Rheological properties of puree enriched with chickpea and lentil powders

Rheological measurements of purees enriched with chickpea and lentil powders at four concentrations (7.5%, 10%, 12.5%, and 15%) were carried out in order to assess viscosity changes. The rheological measurements are shown in Table 2 that presents the mean values of the apparent viscosity (η50) of purees enriched with chickpea and lentil powders at these four concentrations (7.5%, 10%, 12.5%, and 15%). The apparent viscosity values of the purees enriched with chickpea powder increased from 2.7 Pa s (7.5%) to 6.5 Pa s (15%), whereas those of the purees enriched with lentil powder increased from 2.9 Pa s (7.5%) to 8.6 Pa s (15%). A comparison of the control puree (0% pulse powder added) with the enriched purees containing pulse powders revealed that the viscosity values increased with the concentration of the pulse powders. The η50 values of the enriched purees with pulse-sieved powders were higher than those of the enriched purees with pulse whole powders. Comparing concentrations of pulse powders addition (7.5% vs. 15%), the viscosity of purees increased double when enriching with chickpea powders and tripled when enriched with lentil sieved powders.
Table 2 Mean values of apparent viscosity (η50, Pa s) of puree enriched with chickpea and lentil powder (sieved or whole) or with raw flour added while cooking at different concentrations (0%, 5%, 7.5%, 10%, 12.5% and 15%)

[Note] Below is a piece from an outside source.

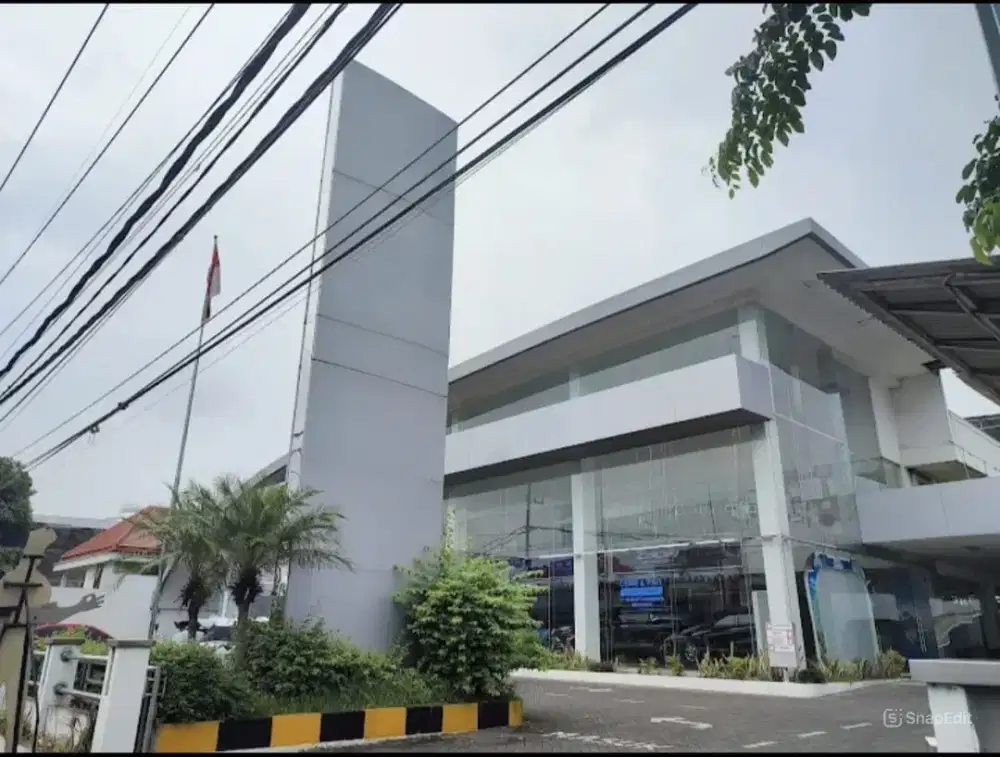 Komersial Bekas Showroom Taman Sidoarjo LT 3330 m² Lebar 63m Strategis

Concentrations (%) Chickpea Lentil
Sieved powder Whole powder Raw flour Sieved powder Whole powder Raw flour
Values not sharing letters per column are significantly different according to Fisher's LSD test (p < 0.05). Standard deviation is included in brackets.
0% (Control puree) 1.7d (0.4) 1.7c (0.4) 1.7c (0.4) 1.7d (0.4) 1.7c (0.4) 1.7c (0.4)
5% 2.1c (0.0) 2.4c (0.1)
7.5% 3.1c (0.2) 2.7bc (0.3) 5.8b (0.0) 2.9cd (0.1) 3.4b (0.1) 5.8b (0.2)

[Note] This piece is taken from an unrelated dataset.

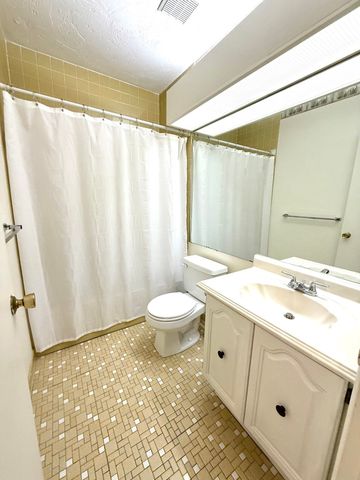 34 South Street 302, Quincy, MA 02169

10% 4.0c (0.2) 3.7b (0.1) 10.1a (0.2) 4.7bc (0.0) 4.3b (1.0) 10.7a (0.9)
12.5% 5.3b (0.4) 4.4b (0.7) 6.1b (0.7) 6.1a (0.2)
15% 6.5a (0.3) 6.3a (1.2) 8.6a (1.7) 7.0a (0.7)


Rheological behaviour of purees with raw chickpea or raw lentil flours (with no treatment) was also measured and compared to the values of the purees enriched with chickpea and lentil powders (Table 2). At 7.5% and 10%, the viscosity values of the purees enriched with pulse powders were approximately half the viscosity values of the purees with pulse raw flours. Consequently, soluble pulse powders do not require additional incorporation during cooking because they are already soluble and can be added when the puree or meal is already cooked. Furthermore, they permit the addition of a higher concentration than that possible with raw pulse flour. Enrichment of purees with raw pulse flours was possible up to a concentration of 7.5% flour. However, a higher concentration (10%) resulted in a product that was too thick or almost solid, rendering it unsuitable for defining a puree. Nevertheless, up to 12.5% cooked pulse powders can be incorporated into the mixture without adversely affecting the viscosity, which is within the expected range for a puree.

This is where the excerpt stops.